A Brescia e Bergamo hanno spiegato una guerra per la luna. Capite da voi la differenza, abissale tra la grandezza della luna e la mediocrità dei sondaggi. Invece a Latina servirebbe un fantasma inglese, servirebbe un intellettuale del Gran Tour che si ferma e si innamora di una bellissima ma terribile dama della palude.

Le lacrime di Ufente per la regina Camilla

Il Circeo con la torre dei Pirati (Foto © Paolo Macorig)

Lui la rincorre, lei quasi lo bacia, ma ormai è prigioniero di fango e rovi, ma è felice di aver baciato la più bella dama che avesse mai incontrato. E per questo le ragazze qui sono tutte belle. Serve le notti di luna far ascoltare il silenzio di qui e il sentire lontano il pianto della Bella Ninfa chiusa in una torre. A cui segue il canto di mille ninfe ciascuna perduta nel suo amore.

Spiegare le lacrime di un principe Ufente per la Regina Camilla guerriera più bella del cielo ma più dura dei sassi delle cave di Priverno. Lacrime che danno un fiume di acqua e zolfo, essendo amore e morte parenti stretti. E su queste pietre è nata la città nuova: ma l’anima delle pietre non è come sono posizionate a piombo ma come sono ascoltate a vivo.

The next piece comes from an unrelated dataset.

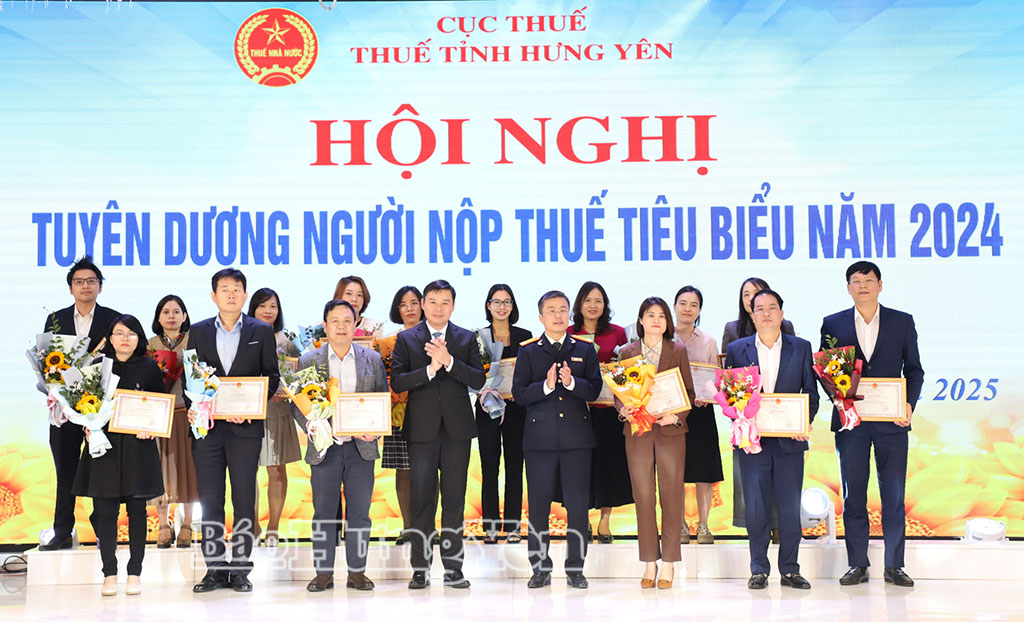 Đồng chí Phó Chủ tịch Thường trực UBND tỉnh Nguyễn Lê Huy và lãnh đạo Cục Thuế tặng hoa và giấy khen cho các doanh nghiệp.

Alla gente che ci viene a trovare la porti a vedere non le porcellane buone del servizio da 12 di Cambellotti, ma gli ex voto a Giunone a Norma. Per chiedere di essere fecondi e virili. Poi parti da Cori, passi a Norma, Sezze fino al Circeo a mostragli le mura che non sono opera degli uomini ma dei ciclopi.

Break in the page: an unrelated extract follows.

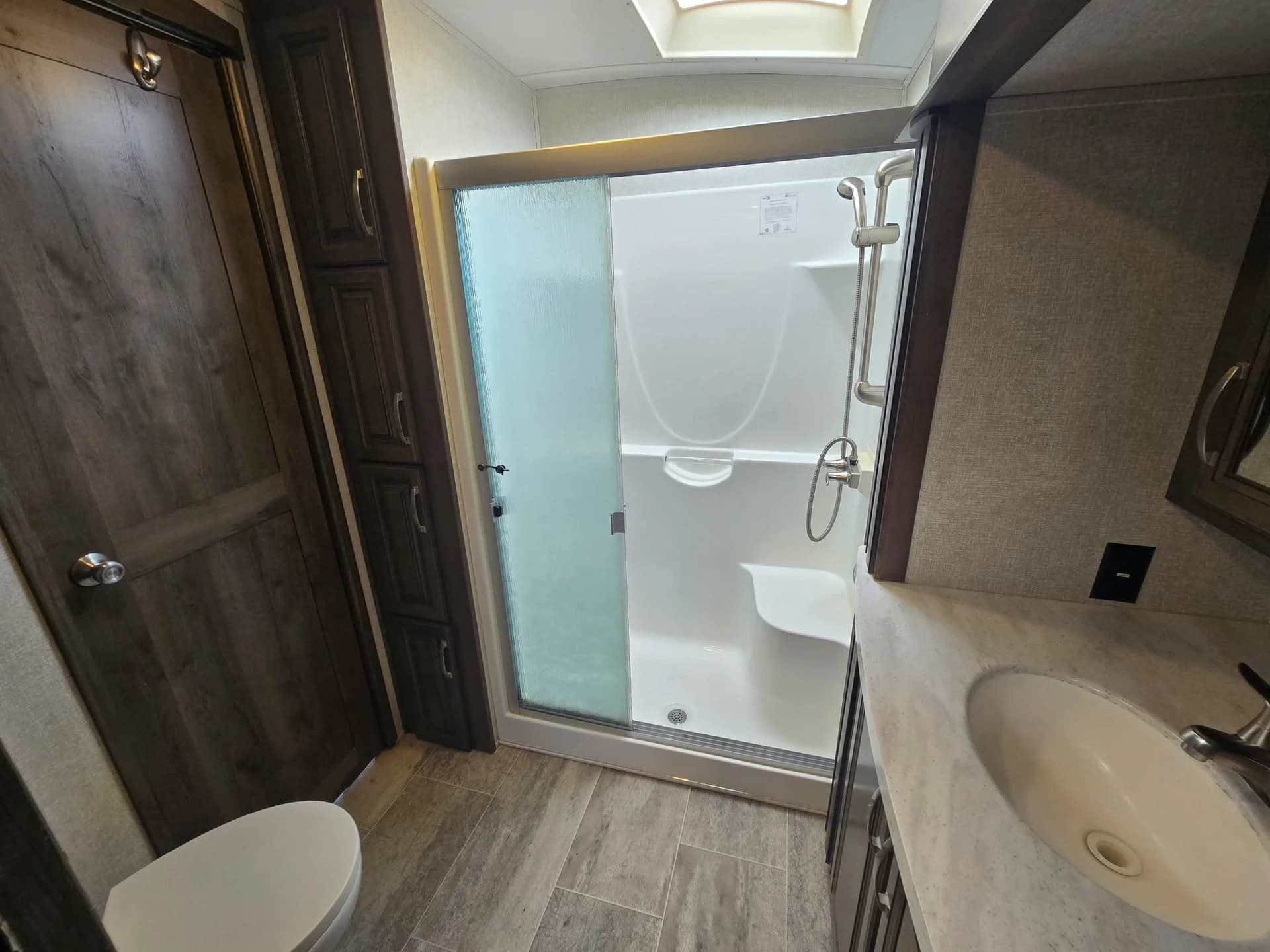 2018 Keystone Montana 3811MS — photo 10 of 16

Ninfe, regine guerriere, maghe, ciclopi altro che una scalinata retorica o una emme che non vuol dire mamma e già per questo è triste e puzza di morte. E quelle enormi querce dove si dice nelle notti giuste…

La maga che fece gli uomini prima porci, poi eroi

“Che in tempo di luna piena a ore comode, ai malfatti propizie erano portate in aria invisibilmente in maledetti congressi. Dove venivano compiute diversità e quantità di incantagioni, sortilegi giochi bestiali ed ereticali”. (Ivano Fossati, Lunario di settembre).

Qui lei la maga di tutte le maghe, ha fatto di uomini timorosi porci e di uomini persi nell’eterno ritorno degli eroi, amandoli.

Ecco che manca alla cultura: l’irrazionale. Manca la paura di Pio IX che scappa dalla giusta passione repubblicana dei romani. Scappa da Bruto libero lui che si pensava anche Cesare per avere sudditi e non cittadini. Complicato? Molto.

Il simbolo di Venezia padrona dei mari è il leone alato di San Marco che ha nella “mano” un libro e dall’altra la spada. Non è una torre, una cupola, ma la scrittura di Dio.